● INPUT
****
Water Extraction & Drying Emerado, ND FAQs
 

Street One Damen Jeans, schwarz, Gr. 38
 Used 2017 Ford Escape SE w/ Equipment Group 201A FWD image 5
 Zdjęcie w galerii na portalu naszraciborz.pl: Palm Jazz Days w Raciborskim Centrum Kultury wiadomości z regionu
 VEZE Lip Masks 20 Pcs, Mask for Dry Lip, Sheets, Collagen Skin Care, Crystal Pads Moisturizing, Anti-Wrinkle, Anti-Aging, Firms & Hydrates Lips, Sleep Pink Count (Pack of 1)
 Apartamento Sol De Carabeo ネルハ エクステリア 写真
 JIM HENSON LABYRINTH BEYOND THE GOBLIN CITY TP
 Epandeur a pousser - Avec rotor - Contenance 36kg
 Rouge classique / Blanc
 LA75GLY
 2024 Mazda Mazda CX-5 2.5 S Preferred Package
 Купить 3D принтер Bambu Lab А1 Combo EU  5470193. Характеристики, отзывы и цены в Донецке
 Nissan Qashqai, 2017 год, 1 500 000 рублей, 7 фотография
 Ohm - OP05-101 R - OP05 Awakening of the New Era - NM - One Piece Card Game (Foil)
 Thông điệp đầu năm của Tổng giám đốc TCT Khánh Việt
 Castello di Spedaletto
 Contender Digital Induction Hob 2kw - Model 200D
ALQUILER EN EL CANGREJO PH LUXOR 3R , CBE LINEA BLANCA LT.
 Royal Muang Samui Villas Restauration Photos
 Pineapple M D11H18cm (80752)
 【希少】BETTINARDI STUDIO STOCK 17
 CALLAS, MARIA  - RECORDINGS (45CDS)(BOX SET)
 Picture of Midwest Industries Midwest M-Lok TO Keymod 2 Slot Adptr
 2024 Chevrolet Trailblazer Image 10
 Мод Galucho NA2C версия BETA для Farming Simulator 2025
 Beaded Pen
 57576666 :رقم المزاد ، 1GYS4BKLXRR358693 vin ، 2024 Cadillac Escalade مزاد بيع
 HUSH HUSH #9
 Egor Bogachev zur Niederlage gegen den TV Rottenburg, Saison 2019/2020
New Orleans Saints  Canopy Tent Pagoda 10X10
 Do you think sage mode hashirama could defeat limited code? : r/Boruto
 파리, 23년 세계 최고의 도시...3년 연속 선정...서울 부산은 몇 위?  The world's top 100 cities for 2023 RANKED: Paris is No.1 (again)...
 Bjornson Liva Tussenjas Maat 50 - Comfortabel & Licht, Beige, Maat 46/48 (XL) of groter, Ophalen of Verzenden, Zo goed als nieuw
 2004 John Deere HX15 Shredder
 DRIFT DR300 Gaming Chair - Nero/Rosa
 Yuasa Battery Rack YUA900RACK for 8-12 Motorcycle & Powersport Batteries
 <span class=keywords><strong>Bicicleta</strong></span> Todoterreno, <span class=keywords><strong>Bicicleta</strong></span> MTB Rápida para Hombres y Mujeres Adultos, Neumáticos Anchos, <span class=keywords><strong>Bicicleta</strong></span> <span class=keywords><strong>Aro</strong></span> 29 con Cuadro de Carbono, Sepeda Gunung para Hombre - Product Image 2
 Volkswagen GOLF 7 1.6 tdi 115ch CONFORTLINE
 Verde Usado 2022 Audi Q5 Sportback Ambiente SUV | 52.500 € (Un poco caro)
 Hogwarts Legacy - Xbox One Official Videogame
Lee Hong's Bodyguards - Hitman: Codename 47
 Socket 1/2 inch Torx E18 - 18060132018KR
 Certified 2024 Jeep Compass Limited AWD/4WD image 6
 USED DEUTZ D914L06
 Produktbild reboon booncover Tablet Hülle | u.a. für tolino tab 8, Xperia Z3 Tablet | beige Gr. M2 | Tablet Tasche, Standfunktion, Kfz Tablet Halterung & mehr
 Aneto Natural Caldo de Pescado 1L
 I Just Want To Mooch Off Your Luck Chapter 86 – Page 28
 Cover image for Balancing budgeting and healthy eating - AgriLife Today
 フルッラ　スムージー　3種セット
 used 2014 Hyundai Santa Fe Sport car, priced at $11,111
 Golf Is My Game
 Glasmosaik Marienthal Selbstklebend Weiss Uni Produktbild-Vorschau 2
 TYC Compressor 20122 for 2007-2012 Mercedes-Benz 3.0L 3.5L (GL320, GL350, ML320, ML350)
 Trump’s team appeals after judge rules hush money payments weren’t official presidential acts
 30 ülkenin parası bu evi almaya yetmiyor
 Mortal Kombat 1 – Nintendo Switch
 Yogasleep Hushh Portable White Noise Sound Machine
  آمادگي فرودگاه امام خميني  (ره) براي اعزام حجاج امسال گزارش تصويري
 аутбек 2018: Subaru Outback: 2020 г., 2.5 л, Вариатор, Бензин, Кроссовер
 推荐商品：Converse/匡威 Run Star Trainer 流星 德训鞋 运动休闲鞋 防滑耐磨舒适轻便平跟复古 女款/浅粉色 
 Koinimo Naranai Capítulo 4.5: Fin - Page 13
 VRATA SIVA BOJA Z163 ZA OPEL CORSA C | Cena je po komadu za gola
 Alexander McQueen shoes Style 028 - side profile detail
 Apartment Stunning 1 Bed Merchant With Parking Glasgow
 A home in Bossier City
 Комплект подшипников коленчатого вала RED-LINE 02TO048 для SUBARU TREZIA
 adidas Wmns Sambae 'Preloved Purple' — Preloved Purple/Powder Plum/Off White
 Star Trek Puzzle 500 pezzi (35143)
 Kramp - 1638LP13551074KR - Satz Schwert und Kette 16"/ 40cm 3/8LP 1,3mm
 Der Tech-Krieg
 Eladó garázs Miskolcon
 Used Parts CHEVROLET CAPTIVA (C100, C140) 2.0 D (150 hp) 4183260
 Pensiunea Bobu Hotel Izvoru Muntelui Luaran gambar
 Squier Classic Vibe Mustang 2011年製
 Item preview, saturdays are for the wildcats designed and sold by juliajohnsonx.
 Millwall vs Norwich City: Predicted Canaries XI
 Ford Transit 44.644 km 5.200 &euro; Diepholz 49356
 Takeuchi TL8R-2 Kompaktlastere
****
● EXERCISE AIM
The entries above hold a line with "Купить 3D принтер" and a later line with "Socket 1/2 inch Torx E18 - 18060132018KR". Write out exactly those lines and all lines between, nothing more.

● EXERCISE ANSWER
 Купить 3D принтер Bambu Lab А1 Combo EU  5470193. Характеристики, отзывы и цены в Донецке
 Nissan Qashqai, 2017 год, 1 500 000 рублей, 7 фотография
 Ohm - OP05-101 R - OP05 Awakening of the New Era - NM - One Piece Card Game (Foil)
 Thông điệp đầu năm của Tổng giám đốc TCT Khánh Việt
 Castello di Spedaletto
 Contender Digital Induction Hob 2kw - Model 200D
ALQUILER EN EL CANGREJO PH LUXOR 3R , CBE LINEA BLANCA LT.
 Royal Muang Samui Villas Restauration Photos
 Pineapple M D11H18cm (80752)
 【希少】BETTINARDI STUDIO STOCK 17
 CALLAS, MARIA  - RECORDINGS (45CDS)(BOX SET)
 Picture of Midwest Industries Midwest M-Lok TO Keymod 2 Slot Adptr
 2024 Chevrolet Trailblazer Image 10
 Мод Galucho NA2C версия BETA для Farming Simulator 2025
 Beaded Pen
 57576666 :رقم المزاد ، 1GYS4BKLXRR358693 vin ، 2024 Cadillac Escalade مزاد بيع
 HUSH HUSH #9
 Egor Bogachev zur Niederlage gegen den TV Rottenburg, Saison 2019/2020
New Orleans Saints  Canopy Tent Pagoda 10X10
 Do you think sage mode hashirama could defeat limited code? : r/Boruto
 파리, 23년 세계 최고의 도시...3년 연속 선정...서울 부산은 몇 위?  The world's top 100 cities for 2023 RANKED: Paris is No.1 (again)...
 Bjornson Liva Tussenjas Maat 50 - Comfortabel & Licht, Beige, Maat 46/48 (XL) of groter, Ophalen of Verzenden, Zo goed als nieuw
 2004 John Deere HX15 Shredder
 DRIFT DR300 Gaming Chair - Nero/Rosa
 Yuasa Battery Rack YUA900RACK for 8-12 Motorcycle & Powersport Batteries
 <span class=keywords><strong>Bicicleta</strong></span> Todoterreno, <span class=keywords><strong>Bicicleta</strong></span> MTB Rápida para Hombres y Mujeres Adultos, Neumáticos Anchos, <span class=keywords><strong>Bicicleta</strong></span> <span class=keywords><strong>Aro</strong></span> 29 con Cuadro de Carbono, Sepeda Gunung para Hombre - Product Image 2
 Volkswagen GOLF 7 1.6 tdi 115ch CONFORTLINE
 Verde Usado 2022 Audi Q5 Sportback Ambiente SUV | 52.500 € (Un poco caro)
 Hogwarts Legacy - Xbox One Official Videogame
Lee Hong's Bodyguards - Hitman: Codename 47
 Socket 1/2 inch Torx E18 - 18060132018KR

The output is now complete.